◆ Data below:
BEGIN

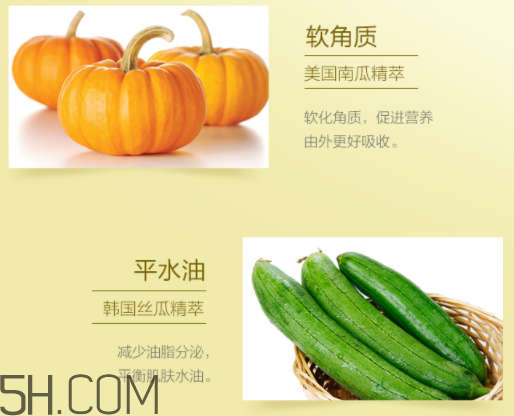 御泥坊嫩肌酵素黑膜 御泥坊嫩肌酵素黑膜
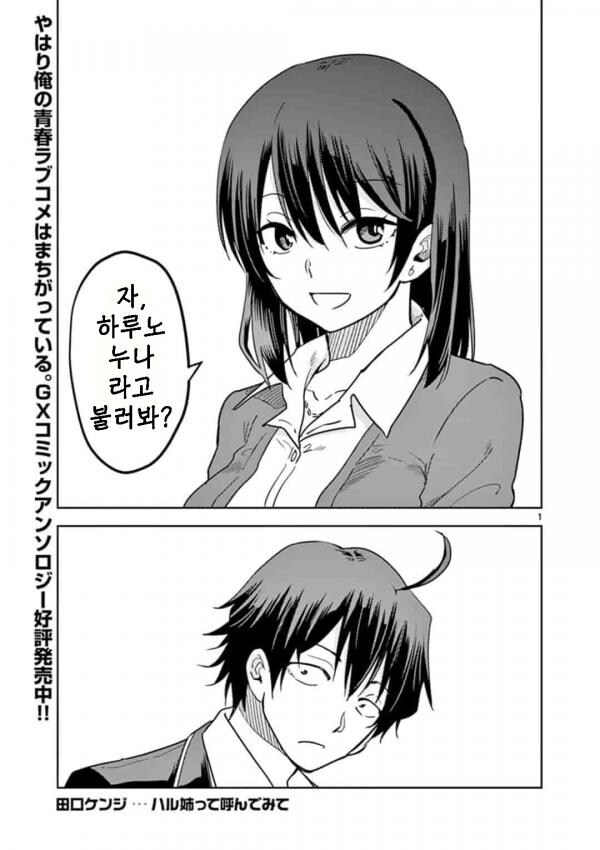 내청코] 솔직히 썅년은 맞는데 이뻐서 개꼴렸음_1.jpg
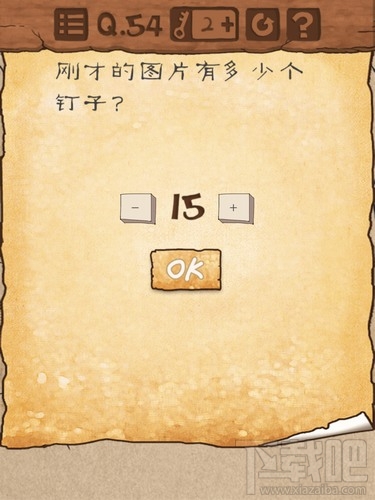 最囧游戏3第54关怎么过？最囧游戏3第54关通关攻略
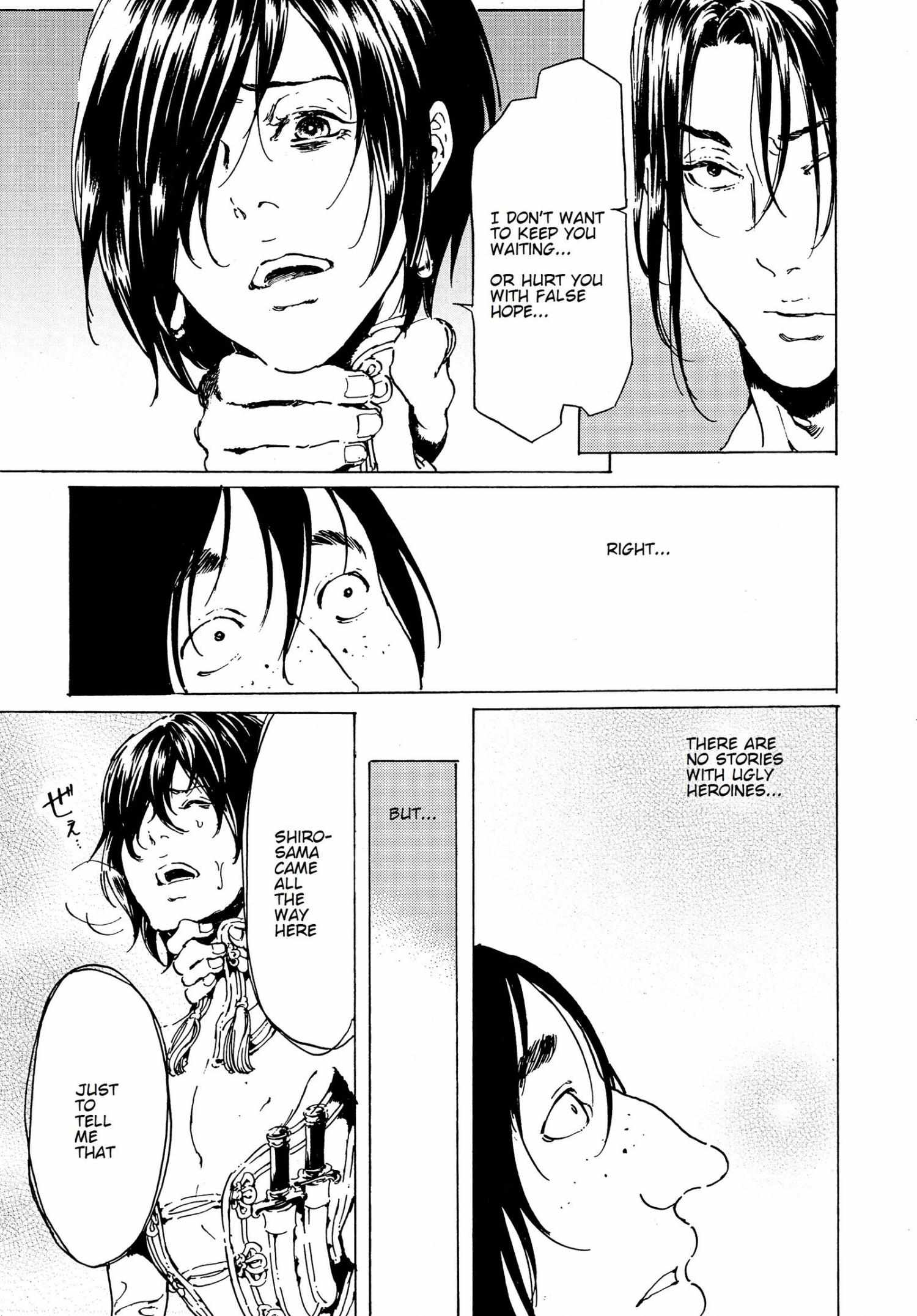 Read Adekan chapter 40.2 image 20 on Lezhin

END

◆ Your assignment: All of the data is to be returned exactly, with no pictures included.

◆ Task response:
 御泥坊嫩肌酵素黑膜 御泥坊嫩肌酵素黑膜
 내청코] 솔직히 썅년은 맞는데 이뻐서 개꼴렸음_1.jpg
 最囧游戏3第54关怎么过？最囧游戏3第54关通关攻略
 Read Adekan chapter 40.2 image 20 on Lezhin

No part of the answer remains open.